• **Task item**: Under this line are the records; repeat exactly the lines starting at the one containing "Перо декоративное гусиное пуховое Перо" and ending at the one containing "RVCA Phoebe Midikleid", omitting pictures.

• **Data records**:
-*-

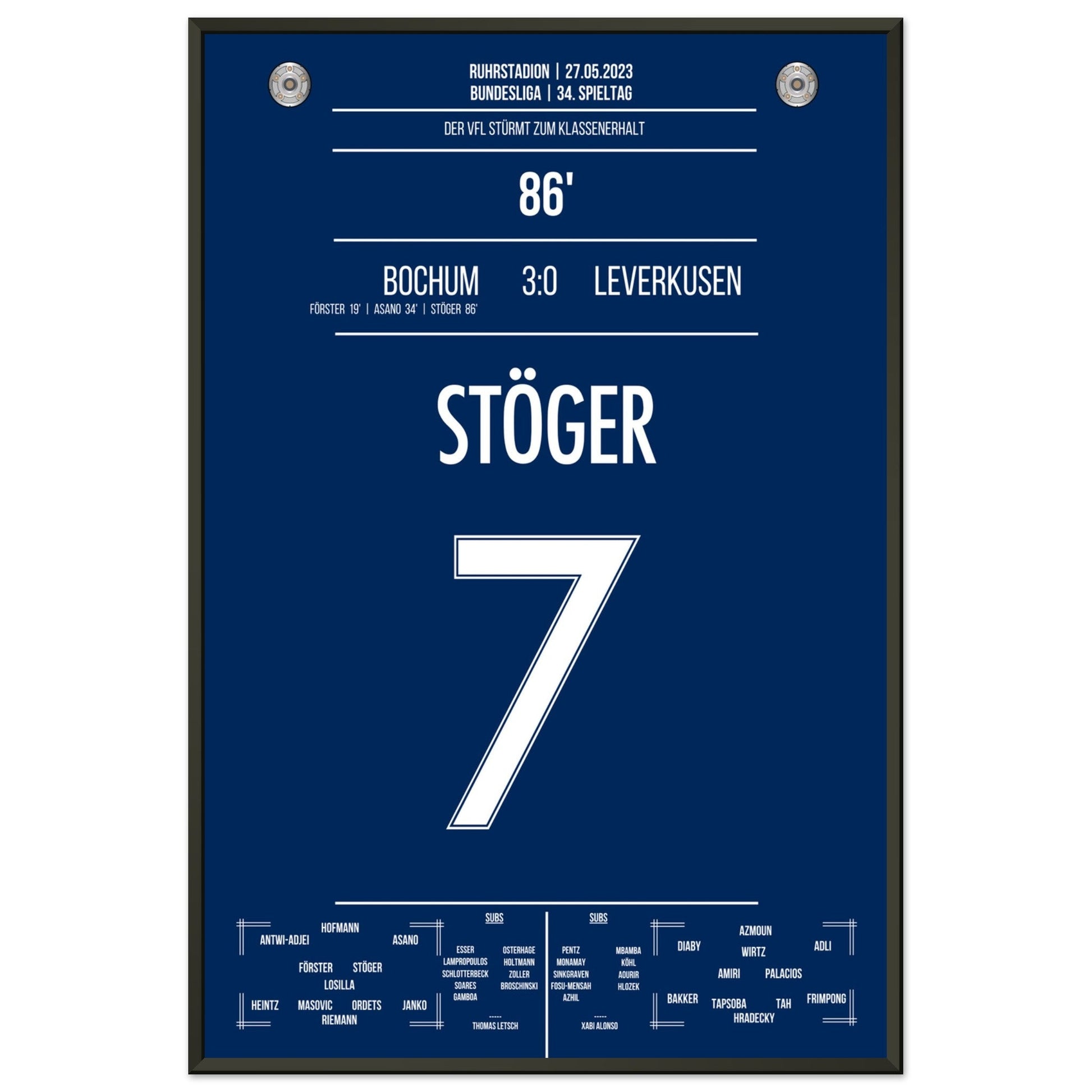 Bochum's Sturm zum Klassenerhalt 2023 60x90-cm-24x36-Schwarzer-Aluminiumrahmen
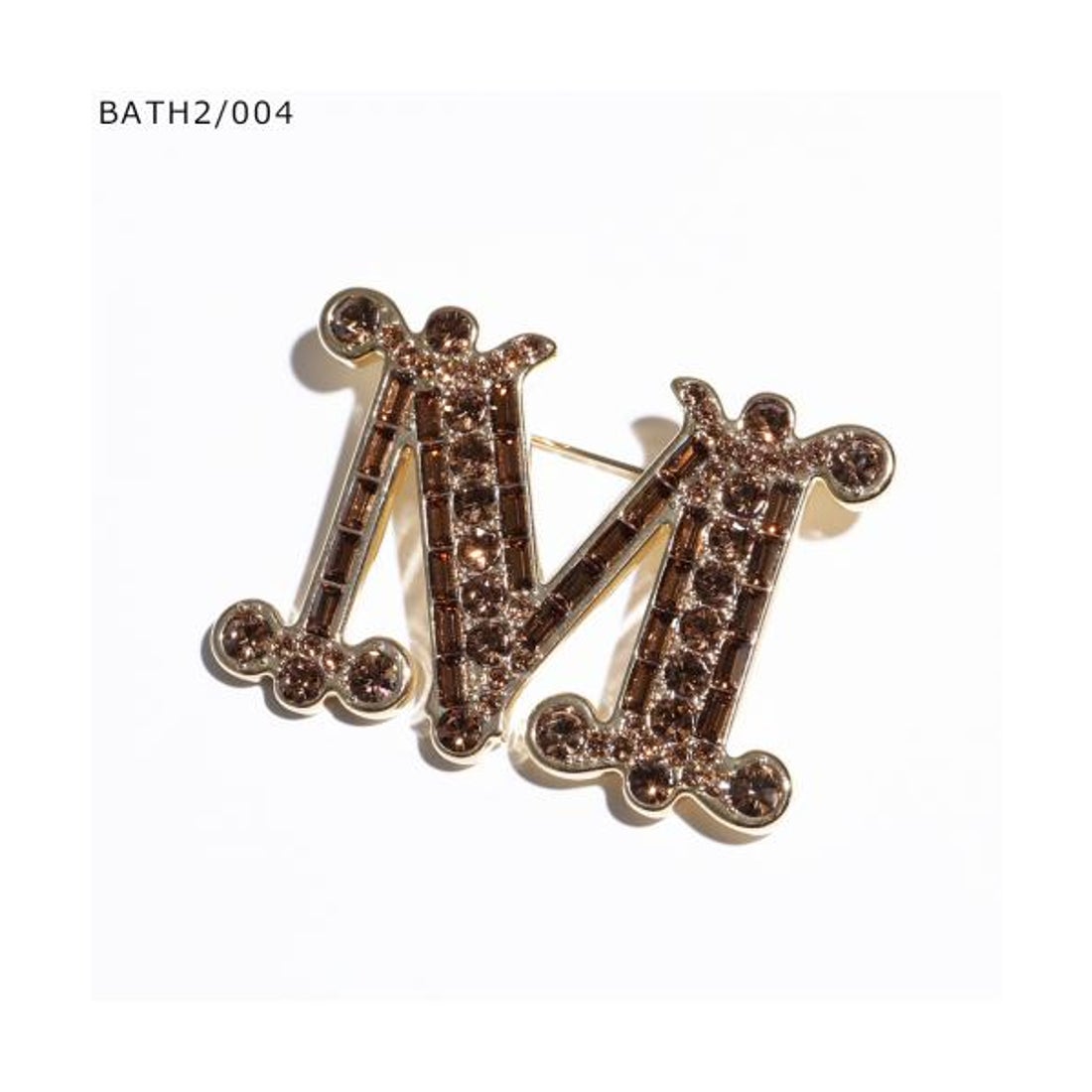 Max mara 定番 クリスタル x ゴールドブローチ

-*-

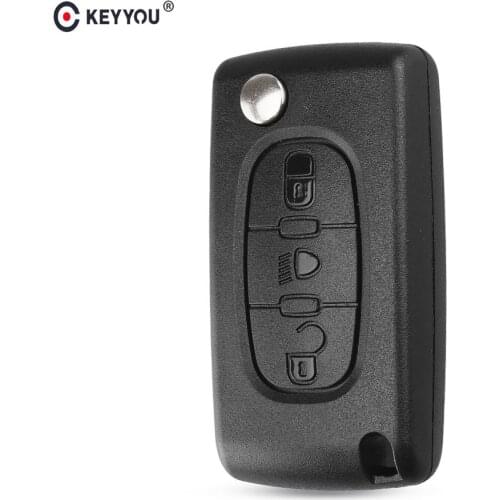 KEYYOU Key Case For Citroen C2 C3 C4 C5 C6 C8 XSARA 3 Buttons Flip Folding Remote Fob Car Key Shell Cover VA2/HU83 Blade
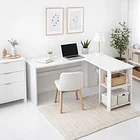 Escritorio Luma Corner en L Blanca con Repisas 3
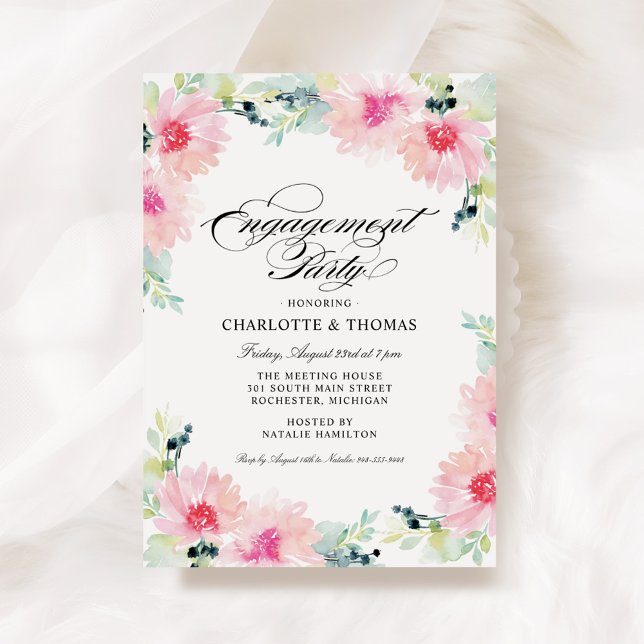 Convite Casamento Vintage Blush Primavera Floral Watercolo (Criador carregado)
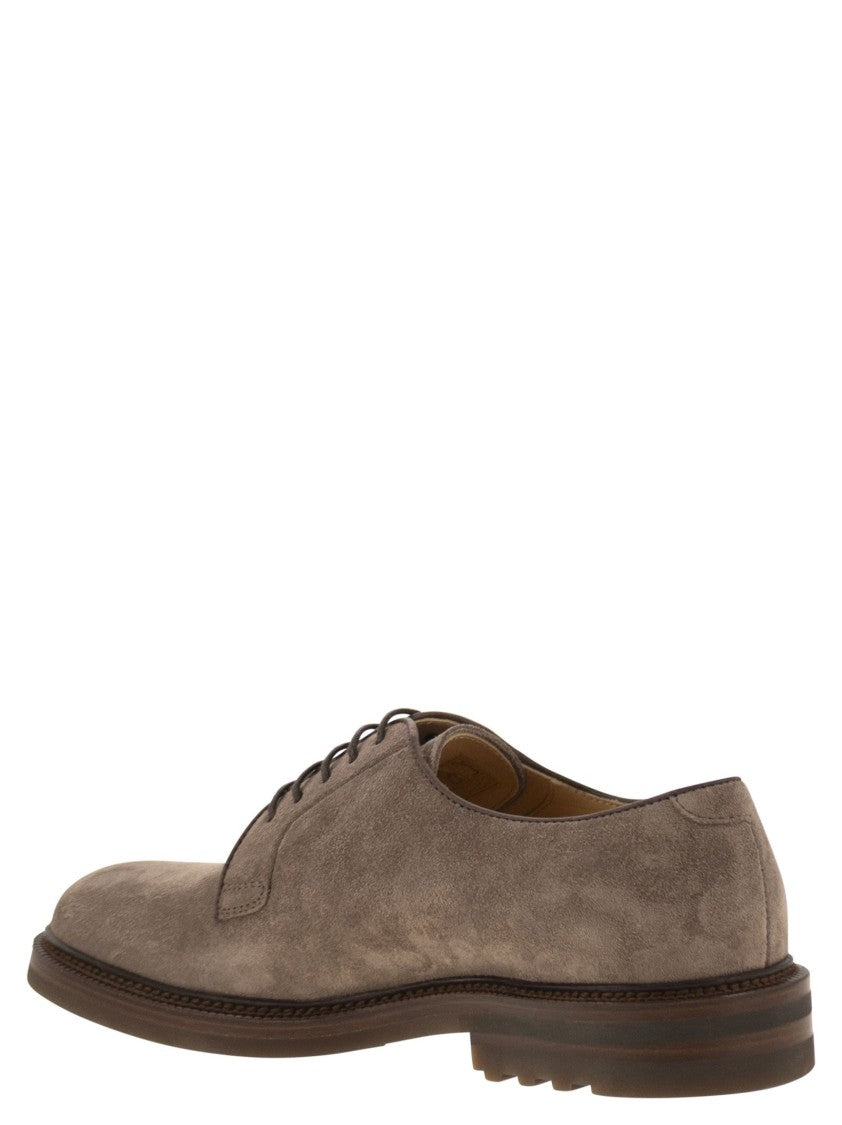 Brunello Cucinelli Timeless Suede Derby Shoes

-*-

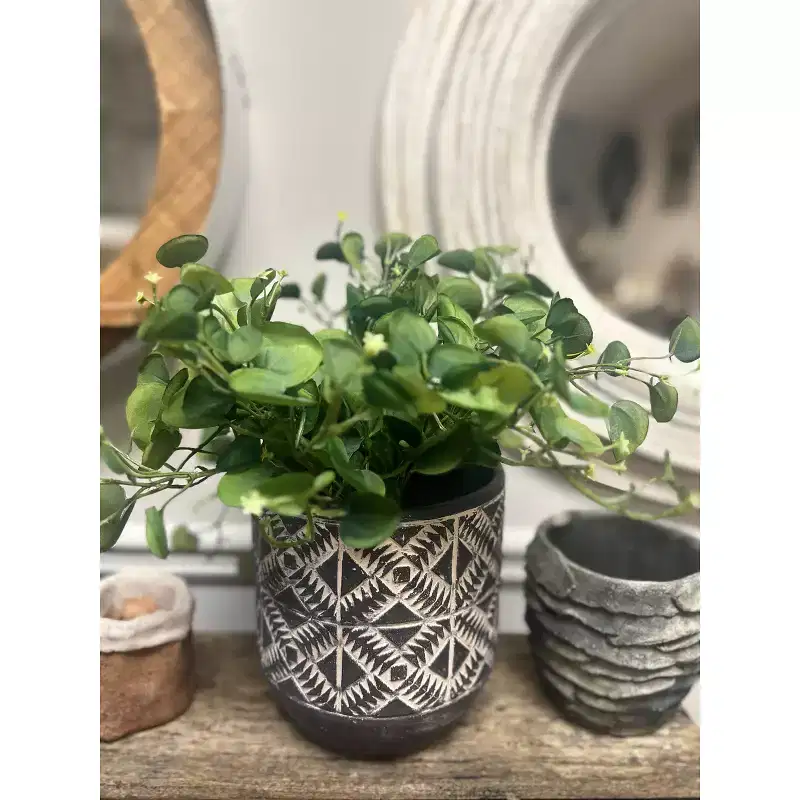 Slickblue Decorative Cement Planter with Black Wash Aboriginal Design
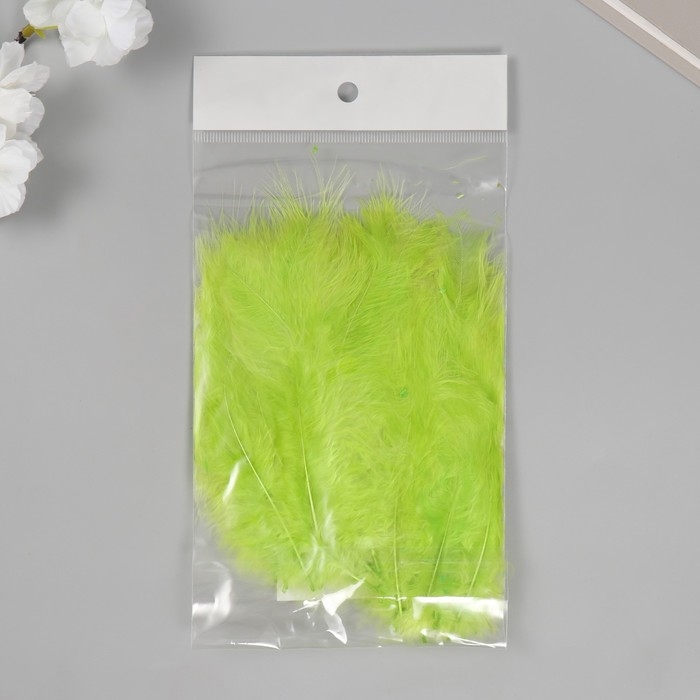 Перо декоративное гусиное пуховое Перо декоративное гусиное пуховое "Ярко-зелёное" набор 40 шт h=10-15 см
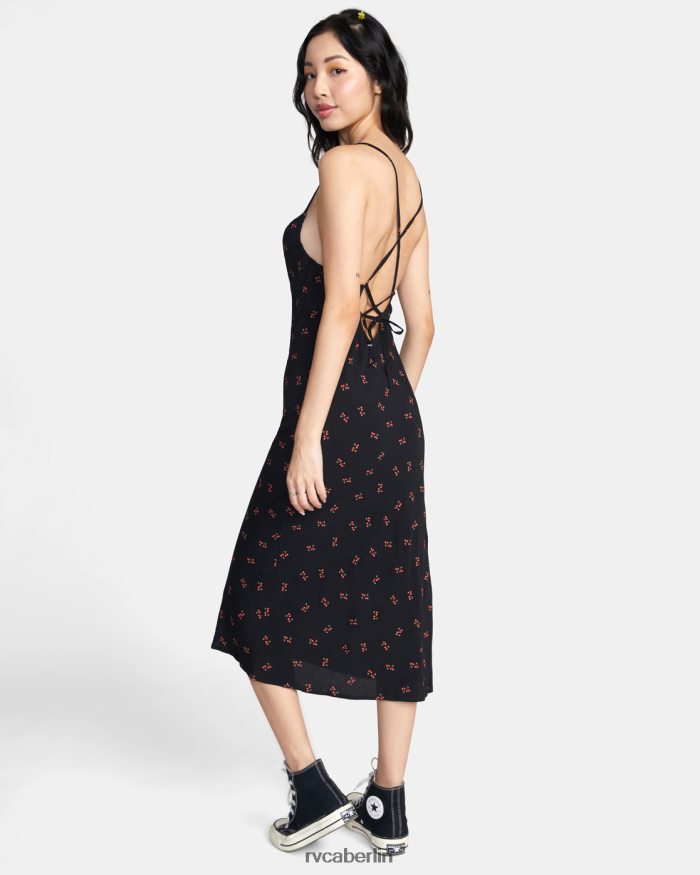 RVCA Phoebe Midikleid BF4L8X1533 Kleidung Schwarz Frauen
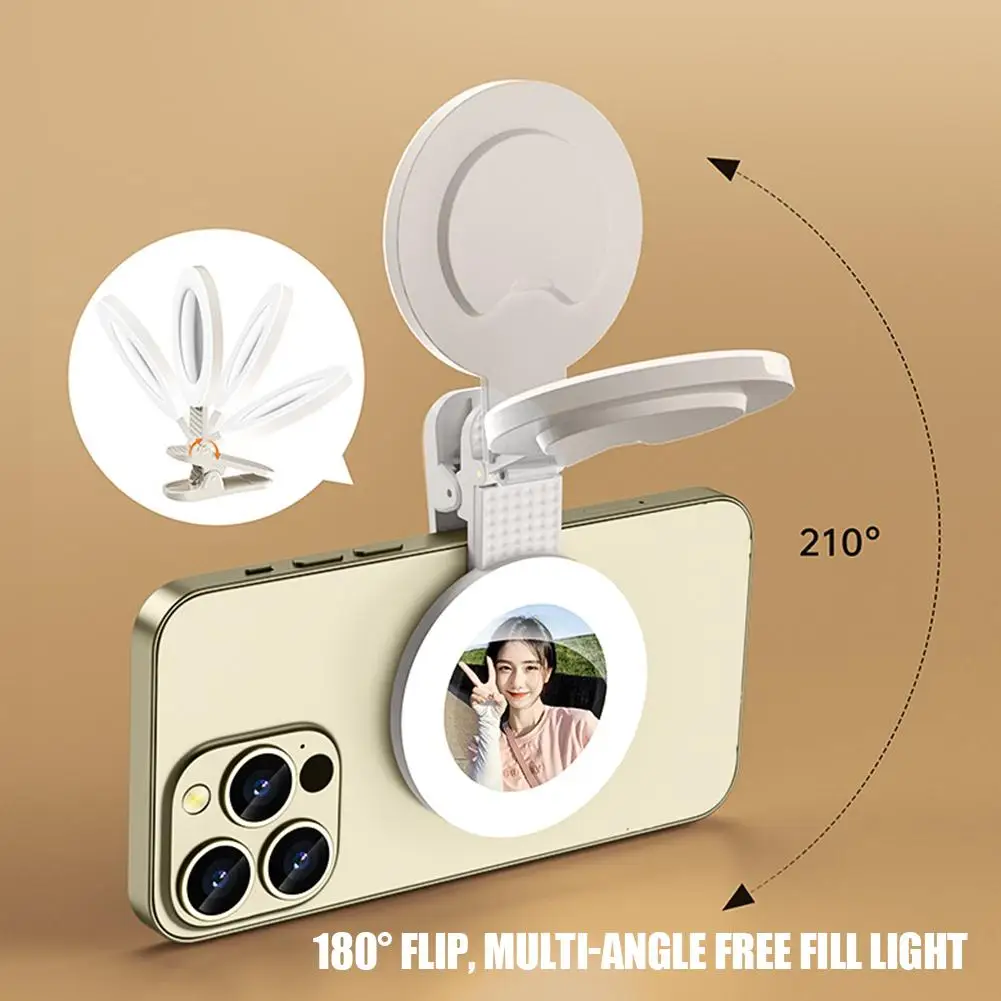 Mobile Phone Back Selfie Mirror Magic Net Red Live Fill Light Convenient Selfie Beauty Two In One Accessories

-*-

• **Written reply**:
 Перо декоративное гусиное пуховое Перо декоративное гусиное пуховое "Ярко-зелёное" набор 40 шт h=10-15 см
 RVCA Phoebe Midikleid BF4L8X1533 Kleidung Schwarz Frauen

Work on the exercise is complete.